Decoding the visual attention of pathologists to reveal their level of expertise

TL;DR

This work addresses variability in pathologist expertise during Gleason grading of prostate whole-slide images by analyzing attention patterns. It collects the largest known dataset of pathologist attention (43 pathologists, 123 WSIs) and develops ProstAttFormer, a transformer-based model that predicts attention heatmaps across magnifications, and ExpertiseNet, a CNN that classifies expertise from attention patterns. The models achieve above-chance performance, with residents, generalists, and specialists predicted at 75.3%, 56.1%, and 77.2% accuracy respectively in the abstract, and demonstrate that specialists show higher attention–grading concordance while attention variability maps to grading agreement.
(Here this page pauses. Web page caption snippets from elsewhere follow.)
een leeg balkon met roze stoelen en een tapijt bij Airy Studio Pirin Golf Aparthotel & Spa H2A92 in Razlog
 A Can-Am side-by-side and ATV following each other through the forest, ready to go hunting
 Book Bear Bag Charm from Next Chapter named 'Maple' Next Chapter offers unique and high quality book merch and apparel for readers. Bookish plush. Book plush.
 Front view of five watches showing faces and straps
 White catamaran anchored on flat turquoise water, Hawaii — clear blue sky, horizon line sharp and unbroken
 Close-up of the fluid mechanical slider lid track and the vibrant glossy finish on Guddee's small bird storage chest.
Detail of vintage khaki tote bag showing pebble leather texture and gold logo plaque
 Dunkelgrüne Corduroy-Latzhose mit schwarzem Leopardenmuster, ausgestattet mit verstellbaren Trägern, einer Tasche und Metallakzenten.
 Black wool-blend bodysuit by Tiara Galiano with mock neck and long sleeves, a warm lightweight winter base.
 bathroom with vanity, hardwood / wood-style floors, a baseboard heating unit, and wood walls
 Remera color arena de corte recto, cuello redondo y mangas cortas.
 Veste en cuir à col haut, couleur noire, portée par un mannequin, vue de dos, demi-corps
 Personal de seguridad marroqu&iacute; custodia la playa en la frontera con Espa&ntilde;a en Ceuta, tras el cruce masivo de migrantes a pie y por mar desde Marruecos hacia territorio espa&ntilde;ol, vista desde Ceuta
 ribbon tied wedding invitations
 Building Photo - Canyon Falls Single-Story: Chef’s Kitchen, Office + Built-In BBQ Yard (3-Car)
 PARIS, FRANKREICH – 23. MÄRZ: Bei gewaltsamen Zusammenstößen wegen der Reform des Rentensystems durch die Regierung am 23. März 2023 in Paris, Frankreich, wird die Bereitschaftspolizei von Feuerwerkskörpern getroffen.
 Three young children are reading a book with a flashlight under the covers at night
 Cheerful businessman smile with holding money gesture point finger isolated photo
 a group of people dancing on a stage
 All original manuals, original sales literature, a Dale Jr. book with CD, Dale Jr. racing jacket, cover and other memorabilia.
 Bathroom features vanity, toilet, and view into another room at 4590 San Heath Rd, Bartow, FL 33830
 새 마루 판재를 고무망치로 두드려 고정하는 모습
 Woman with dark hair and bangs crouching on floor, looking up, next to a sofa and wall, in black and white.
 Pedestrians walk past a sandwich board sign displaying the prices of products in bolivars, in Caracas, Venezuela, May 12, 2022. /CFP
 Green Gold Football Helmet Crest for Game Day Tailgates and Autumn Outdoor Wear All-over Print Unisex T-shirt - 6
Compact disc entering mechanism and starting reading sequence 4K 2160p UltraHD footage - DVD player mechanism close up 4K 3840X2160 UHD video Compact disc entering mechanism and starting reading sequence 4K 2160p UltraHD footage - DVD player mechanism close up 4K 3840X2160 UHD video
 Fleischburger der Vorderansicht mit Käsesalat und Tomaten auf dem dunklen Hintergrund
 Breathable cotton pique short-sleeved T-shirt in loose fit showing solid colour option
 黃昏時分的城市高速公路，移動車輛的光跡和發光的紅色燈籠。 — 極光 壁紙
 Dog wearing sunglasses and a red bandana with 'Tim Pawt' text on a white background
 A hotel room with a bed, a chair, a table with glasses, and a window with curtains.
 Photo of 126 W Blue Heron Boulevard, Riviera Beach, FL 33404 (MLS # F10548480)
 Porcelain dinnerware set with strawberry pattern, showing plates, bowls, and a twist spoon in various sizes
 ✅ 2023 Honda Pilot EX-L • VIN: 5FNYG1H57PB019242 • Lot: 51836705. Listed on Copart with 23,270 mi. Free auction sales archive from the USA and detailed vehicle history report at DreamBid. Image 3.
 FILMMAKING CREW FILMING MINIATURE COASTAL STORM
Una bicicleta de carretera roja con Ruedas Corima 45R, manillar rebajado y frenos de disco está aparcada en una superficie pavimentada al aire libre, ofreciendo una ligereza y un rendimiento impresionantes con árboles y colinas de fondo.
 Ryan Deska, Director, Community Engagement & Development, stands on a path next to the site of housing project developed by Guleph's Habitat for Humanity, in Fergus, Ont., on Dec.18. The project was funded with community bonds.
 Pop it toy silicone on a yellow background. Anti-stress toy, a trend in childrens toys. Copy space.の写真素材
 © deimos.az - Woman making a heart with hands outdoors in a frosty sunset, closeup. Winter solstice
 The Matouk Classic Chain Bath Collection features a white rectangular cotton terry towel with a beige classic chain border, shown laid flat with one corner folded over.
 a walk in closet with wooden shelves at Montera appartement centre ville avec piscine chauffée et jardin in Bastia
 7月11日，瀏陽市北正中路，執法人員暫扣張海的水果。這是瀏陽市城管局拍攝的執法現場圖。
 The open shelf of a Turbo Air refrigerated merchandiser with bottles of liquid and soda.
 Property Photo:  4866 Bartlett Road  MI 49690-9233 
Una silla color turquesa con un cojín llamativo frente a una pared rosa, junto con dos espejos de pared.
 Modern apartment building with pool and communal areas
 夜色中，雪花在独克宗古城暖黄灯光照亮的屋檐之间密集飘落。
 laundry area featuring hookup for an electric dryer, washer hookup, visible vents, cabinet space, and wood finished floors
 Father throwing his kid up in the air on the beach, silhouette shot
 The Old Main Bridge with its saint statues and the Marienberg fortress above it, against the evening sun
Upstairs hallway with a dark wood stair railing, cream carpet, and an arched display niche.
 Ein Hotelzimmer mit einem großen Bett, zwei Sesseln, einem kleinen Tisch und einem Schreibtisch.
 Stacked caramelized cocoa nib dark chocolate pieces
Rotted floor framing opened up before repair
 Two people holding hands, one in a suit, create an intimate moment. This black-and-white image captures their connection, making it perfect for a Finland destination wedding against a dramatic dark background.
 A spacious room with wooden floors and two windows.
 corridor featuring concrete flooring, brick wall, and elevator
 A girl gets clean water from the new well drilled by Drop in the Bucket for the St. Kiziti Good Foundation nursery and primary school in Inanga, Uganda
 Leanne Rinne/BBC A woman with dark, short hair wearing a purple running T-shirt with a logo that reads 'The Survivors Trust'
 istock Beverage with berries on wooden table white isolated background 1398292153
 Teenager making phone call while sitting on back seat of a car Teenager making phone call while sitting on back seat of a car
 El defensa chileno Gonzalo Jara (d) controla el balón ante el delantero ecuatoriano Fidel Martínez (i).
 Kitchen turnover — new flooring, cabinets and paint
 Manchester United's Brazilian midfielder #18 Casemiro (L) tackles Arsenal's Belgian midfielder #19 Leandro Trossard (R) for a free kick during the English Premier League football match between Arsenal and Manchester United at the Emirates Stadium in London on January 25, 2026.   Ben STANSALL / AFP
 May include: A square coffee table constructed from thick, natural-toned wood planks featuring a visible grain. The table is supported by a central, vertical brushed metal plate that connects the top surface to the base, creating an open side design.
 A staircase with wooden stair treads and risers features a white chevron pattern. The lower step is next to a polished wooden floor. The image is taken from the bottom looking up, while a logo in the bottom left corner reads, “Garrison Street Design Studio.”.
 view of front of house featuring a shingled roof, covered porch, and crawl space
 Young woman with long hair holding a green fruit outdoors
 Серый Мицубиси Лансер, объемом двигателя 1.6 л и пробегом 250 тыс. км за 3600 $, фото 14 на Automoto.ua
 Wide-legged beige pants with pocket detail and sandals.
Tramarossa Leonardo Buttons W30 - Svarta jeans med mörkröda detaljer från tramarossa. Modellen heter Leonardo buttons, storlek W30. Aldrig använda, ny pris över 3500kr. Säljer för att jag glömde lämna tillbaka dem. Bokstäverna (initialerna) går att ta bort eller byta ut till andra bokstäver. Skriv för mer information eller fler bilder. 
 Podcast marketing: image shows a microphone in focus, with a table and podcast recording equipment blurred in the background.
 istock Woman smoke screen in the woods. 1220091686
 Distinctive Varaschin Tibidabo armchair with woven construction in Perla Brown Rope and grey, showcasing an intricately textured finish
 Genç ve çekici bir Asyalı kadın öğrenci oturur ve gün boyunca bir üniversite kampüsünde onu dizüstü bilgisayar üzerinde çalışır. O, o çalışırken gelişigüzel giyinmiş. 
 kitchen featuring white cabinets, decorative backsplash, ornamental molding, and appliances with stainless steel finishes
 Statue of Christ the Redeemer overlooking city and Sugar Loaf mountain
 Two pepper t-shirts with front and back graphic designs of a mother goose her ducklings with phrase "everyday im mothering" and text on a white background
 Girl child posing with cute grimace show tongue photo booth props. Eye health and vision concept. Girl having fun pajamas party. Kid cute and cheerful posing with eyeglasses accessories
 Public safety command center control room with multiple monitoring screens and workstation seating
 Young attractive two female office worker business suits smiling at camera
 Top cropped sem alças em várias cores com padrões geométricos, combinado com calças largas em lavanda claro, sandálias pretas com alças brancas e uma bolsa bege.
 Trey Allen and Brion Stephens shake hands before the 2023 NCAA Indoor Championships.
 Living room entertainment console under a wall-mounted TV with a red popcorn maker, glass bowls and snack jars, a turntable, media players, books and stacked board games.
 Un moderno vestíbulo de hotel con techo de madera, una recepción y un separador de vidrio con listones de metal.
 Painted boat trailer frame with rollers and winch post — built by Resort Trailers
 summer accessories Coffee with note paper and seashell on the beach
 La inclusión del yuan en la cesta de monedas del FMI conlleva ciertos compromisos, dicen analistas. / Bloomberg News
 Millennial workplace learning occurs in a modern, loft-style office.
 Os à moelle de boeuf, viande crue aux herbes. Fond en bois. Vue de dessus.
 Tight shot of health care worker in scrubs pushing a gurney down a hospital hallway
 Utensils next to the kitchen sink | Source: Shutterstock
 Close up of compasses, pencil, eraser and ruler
The work offers a path toward objective expertise assessment and AI-assisted training that helps trainees read WSIs with expert-like focus.

Abstract

We present a method for classifying the expertise of a pathologist based on how they allocated their attention during a cancer reading. We engage this decoding task by developing a novel method for predicting the attention of pathologists as they read whole-slide Images (WSIs) of prostate and make cancer grade classifications. Our ground truth measure of a pathologists' attention is the x, y and z (magnification) movement of their viewport as they navigated through WSIs during readings, and to date we have the attention behavior of 43 pathologists reading 123 WSIs. These data revealed that specialists have higher agreement in both their attention and cancer grades compared to general pathologists and residents, suggesting that sufficient information may exist in their attention behavior to classify their expertise level. To attempt this, we trained a transformer-based model to predict the visual attention heatmaps of resident, general, and specialist (GU) pathologists during Gleason grading. Based solely on a pathologist's attention during a reading, our model was able to predict their level of expertise with 75.3%, 56.1%, and 77.2% accuracy, respectively, better than chance and baseline models. Our model therefore enables a pathologist's expertise level to be easily and objectively evaluated, important for pathology training and competency assessment. Tools developed from our model could also be used to help pathology trainees learn how to read WSIs like an expert.
Paper Structure (12 sections, 1 equation, 5 figures, 3 tables)

This paper contains 12 sections, 1 equation, 5 figures, 3 tables.

Figures (5)

  • Figure 1: Attention heatmaps computed for GU specialists (top-right) and general and resident pathologists (bottom). More detailed heatmaps are also shown for different levels of magnification and viewing durations. Left column, upper-right: grade-level segmentation of a WSI by a GU specialist. The attention heatmaps of GU specialists correlate higher with the tumor annotations compared to the non-specialists, and the specialists have the highest grading accuracy.
  • Figure 2: Grade concordance vs. attention heatmap correlation across three groups of pathologists based on their expertise level. Each point represents a WSI. $PG=3$ and $PG>=4$ indicate the number of instances in which a WSI was assigned primary grade (PG) = 3 and $PG \geq 4$ respectively.
  • Figure 3: Proposed attention prediction model ProstAttFormer that predicts pathologists attention on a WSI at different magnification levels.
  • Figure 4: ExpertiseNet, our pathologist expertise prediction model based on their attention. We input: (1) frozen ViT feature descriptors from a self-supervised learning model (arranged in 2D), (2) temporal attention heatmaps i.e. the cumulative attention heatmaps at different viewing durations, and (3) magnification-wise attention heatmaps to the model, which predicts the pathologist expertise.
  • Figure 5: Comparison of attention heatmap prediction performance of the proposed model ProstAttFormer with other baselines. Our ProstAttFormer model better predicts the heatmaps compared to other baselines across all magnifications for both of the two test WSI instances (cases 1 and 2).